Then we add a route in the RouteFeature class, which is located in the root directory of Example.UserManagementService project, like so:

 public class RouteFeature : IPlugin
 {
     public void Register(IAppHost appHost)
     {
         appHost.Routes.Add<RegisterUserRequest>("/api/users", ApplyTo.Post);
         appHost.Routes.Add<AuthenticateUserRequest>("/api/users", ApplyTo.Get);
         appHost.Routes.Add<UpdateUserEmailRequest>("/api/users/email", ApplyTo.Put);
         appHost.Routes.Add<UpdateUserPasswordRequest>("/api/users/password", ApplyTo.Put);
         appHost.Routes.Add<UpdateUserUsernameRequest>("/api/users/username", ApplyTo.Put);
     }
 }

Note: We should always adhere to REST principles. Since our request will update an existing user, we add a route that expects the PUT verb.

Finally, we add a request handler on UserService class, which is also located in the root directory of Example.UserManagementService project:

public class UserService : Service
{
    private readonly IRegisterUserExecutor _registerUserExecutor;
    private readonly IAuthenticateUserExecutor _authenticateUserExecutor;
    private readonly IUpdateUserEmailExecutor _updateUserEmailExecutor;
    private readonly IUpdateUserPasswordExecutor _updateUserPasswordExecutor;
    private readonly IUpdateUserUsernameExecutor _updateUserUsernameExecutor;

    public UserService(
        IRegisterUserExecutor registerUserExecutor,
        IAuthenticateUserExecutor authenticateUserExecutor,
        IUpdateUserEmailExecutor updateUserEmailExecutor,
        IUpdateUserPasswordExecutor updateUserPasswordExecutor, 
        IUpdateUserUsernameExecutor updateUserUsernameExecutor)
    {
        registerUserExecutor.Guard(nameof(registerUserExecutor));
        authenticateUserExecutor.Guard(nameof(authenticateUserExecutor));
        updateUserEmailExecutor.Guard(nameof(updateUserEmailExecutor));
        updateUserPasswordExecutor.Guard(nameof(updateUserPasswordExecutor));
        updateUserUsernameExecutor.Guard(nameof(updateUserUsernameExecutor));

        _registerUserExecutor = registerUserExecutor;
        _authenticateUserExecutor = authenticateUserExecutor;
        _updateUserEmailExecutor = updateUserEmailExecutor;
        _updateUserPasswordExecutor = updateUserPasswordExecutor;
        _updateUserUsernameExecutor = updateUserUsernameExecutor;
    }

    public Task<RegisterUserResponse> Post(RegisterUserRequest request) => _registerUserExecutor.ExecuteAsync(request);
    public Task<AuthenticateUserResponse> Get(AuthenticateUserRequest request) => _authenticateUserExecutor.ExecuteAsync(request);
    public Task<UpdateUserEmailResponse> Put(UpdateUserEmailRequest request) => _updateUserEmailExecutor.ExecuteAsync(request);
    public Task<UpdateUserPasswordResponse> Put(UpdateUserPasswordRequest request) => _updateUserPasswordExecutor.ExecuteAsync(request);
    public Task<bool> Put(UpdateUserUsernameRequest request) => _updateUserUsernameExecutor.ExecuteAsync(request);
}

This is it! We have added new functionality to our service in a few simple steps. This design ensures that any developer, of any seniority, can easily pick up the project and extend it or maintain it. Our architecture has ensured that all responsibility is split and therefore, the microservice is very scallable, maintainable and testable in its entirety. We can additionally add a new function in our UserServiceClient class in the Example.UserManagementService.Client project to expose the new functionality to consumers who use our NuGet package to interact with our microservice.

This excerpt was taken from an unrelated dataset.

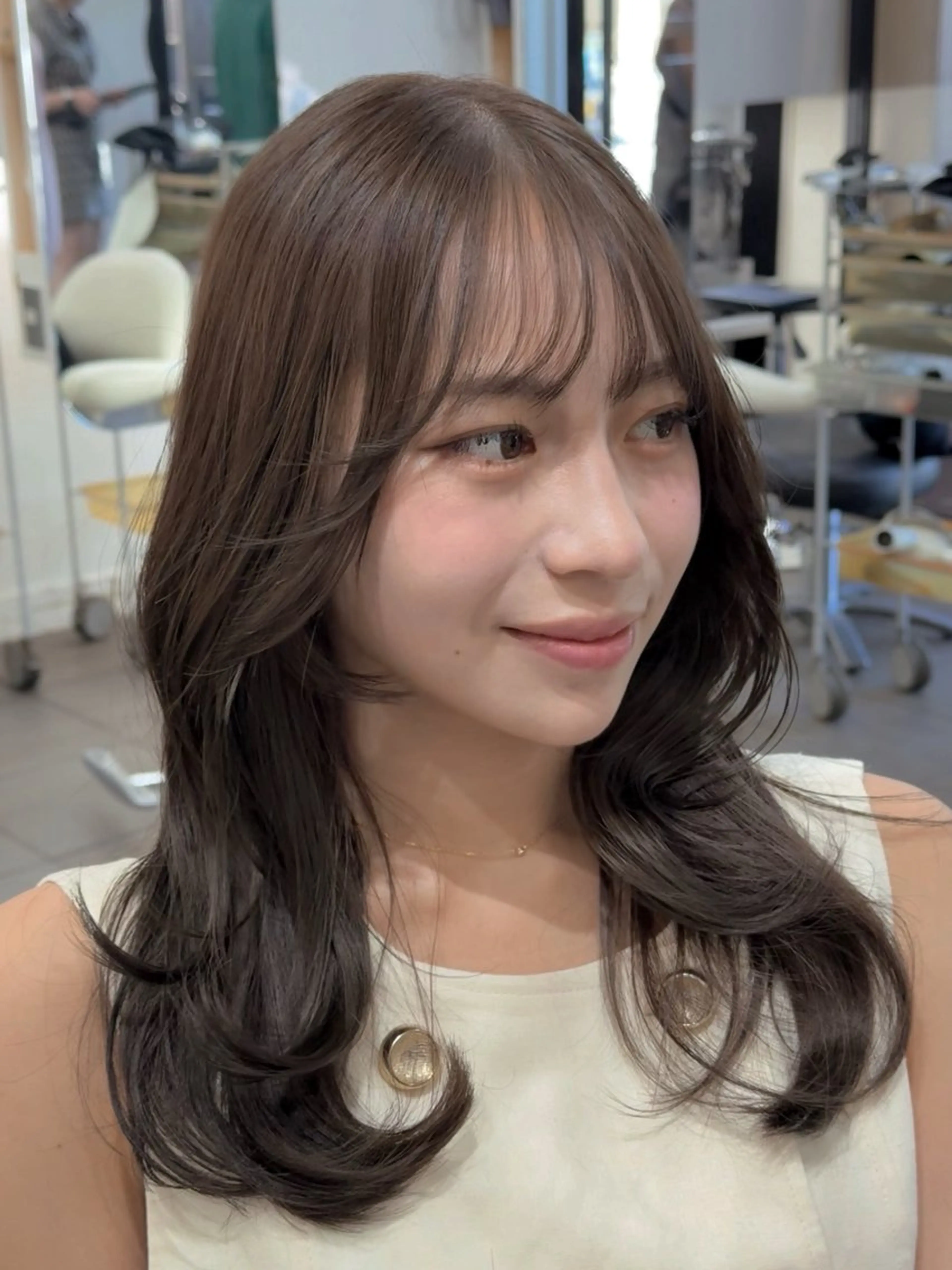 セミロング カラー カット ヘアカラー 🫧TATSUYA/ 錦糸町ʕ•̫͡•のヘアスタイル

Let's assume a programmer wants to add support for user settings and does not want to create a separate microservice for it. Since user settings management could be a concept applied to a user management service, we can extend our microservice to support this new addition. A programmer would have to create a new model representing user settings. Then he would have to create a repository to interact with the new database table that holds user settings, after making sure that the model is properly mapped to the table. You can see how a model is mapped to a table by using the mapping of the User model to the users table as reference: UserMapping.cs

A mapping basically tells OrmLite in which column of a given table a property can be found. These mappings are instantiated when our service is started and you only need to create a mapping class.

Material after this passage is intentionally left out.